MS Office Forum / Excel / New Users / August 2007

Tip: Looking for answers? Try searching our database.

Extracting some text from a string.

Thread view: 
Enable EMail Alerts  Start New Thread
Thread rating: 
Art MacNeil - 18 Aug 2007 01:18 GMT
Hello,

 I'm trying to extract some specific text from a bunch of strings of text.

I think this should be really easy but I can't get it done. I've used "Left"
"Mid", "Substitute" and "Find" in one combination of another and sometimes
it works but it doesn't always work.

Regardless of the path, what I need is, the string of text after the final
"\" and before the ".xls"

I've copied a sample of the strings I'm working with below.

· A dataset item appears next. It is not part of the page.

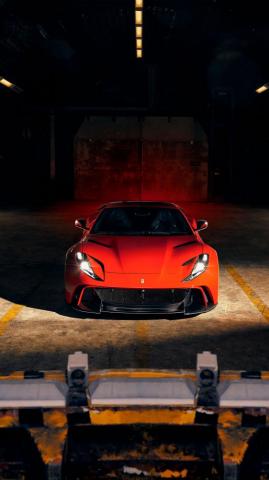 Ferrari Superfast N Largo 4k Ultra HD Mobile Wallpaper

C:\Source\qa\T P 2006\QT, IR, QTW, IRW\Tax Components\Calculation
Testing\Federal\5 year compare\5yearscomparePF.xls
C:\Source\qa\T P 2006\QT, IR, QTW, IRW\Tax Components\Calculation
Testing\Federal\CCA\CCA Line 1 to 2475.xls
C:\Source\qa\T P 2006\QT, IR, QTW, IRW\Tax Components\Calculation
Testing\Federal\CCA\CCA Lines 2475 & down.xls
C:\Source\qa\T P 2006\QT, IR, QTW, IRW\Tax Components\Calculation
Testing\Federal\RRSP Deduction pf\RRSP Deduction PF.xls
E:\T Ps\T P 2007\QT, IR, QTW, IRW\Tax Components\Calculation
Testing\Federal\5 year compare pf.xls
E:\T Ps\T P 2007\QT, IR, QTW, IRW\Tax Components\Calculation
Testing\Federal\CCA Line 1 to 2475.xls
E:\T Ps\T P 2007\QT, IR, QTW, IRW\Tax Components\Calculation
Testing\Federal\CCA Lines 2475 & down.xls
E:\T Ps\T P 2007\QT, IR, QTW, IRW\Tax Components\Calculation
Testing\Federal\RRSP Deduction pf.xls
C:\Source\qa\T P 2006\QT, IR, QTW, IRW\Tax Components\Calculation
Testing\Québec\Annexe A\Annexe A T P.xls
C:\Source\qa\T P 2006\QT, IR, QTW, IRW\Tax Components\Calculation
Testing\Québec\LSVCC\LSVCC (Québec) T P.xls
C:\Source\qa\T P 2006\QT, IR, QTW, IRW\Tax Components\Calculation
Testing\Québec\QVEH-B\QVEH-B series T P.xls
C:\Source\qa\T P 2006\QT, IR, QTW, IRW\Tax Components\Calculation
Testing\Québec\TP1-Comparative_Summary\TP1_Comparative_TAXSUMMARY_PF.xls
E:\T Ps\T P 2007\QT, IR, QTW, IRW\Tax Components\Calculation
Testing\Québec\Annexe A.xls
E:\T Ps\T P 2007\QT, IR, QTW, IRW\Tax Components\Calculation
Testing\Québec\LSVCC (Québec).xls
E:\T Ps\T P 2007\QT, IR, QTW, IRW\Tax Components\Calculation
Testing\Québec\QVEH B.xls
E:\T Ps\T P 2007\QT, IR, QTW, IRW\Tax Components\Calculation
Testing\Québec\TP1 Comp Summary pf.xls

The Text I need is:
5yearscomparePF
CCA Line 1 to 2475
CCA Lines 2475 & down
RRSP Deduction PF
5 year compare pf
CCA Line 1 to 2475
CCA Lines 2475 & down
RRSP Deduction pf
Annexe A T P
LSVCC (Québec) T P
QVEH-B series T P
TP1_Comparative_TAXSUMMARY_PF
Annexe A
LSVCC (Québec)
QVEH B
TP1 Comp Summary pf

Thank you for your help,

Art.
Rick Rothstein (MVP - VB) - 18 Aug 2007 01:51 GMT
If your 'xls' extensions are all always in lower case letters, then this
formula will work...

=SUBSTITUTE(SUBSTITUTE(A1,LEFT(A1,FIND("*",SUBSTITUTE(A1,"\","*",LEN(A1)-LEN(SUBSTITUTE(A1,"\",""))))),""),".xls","")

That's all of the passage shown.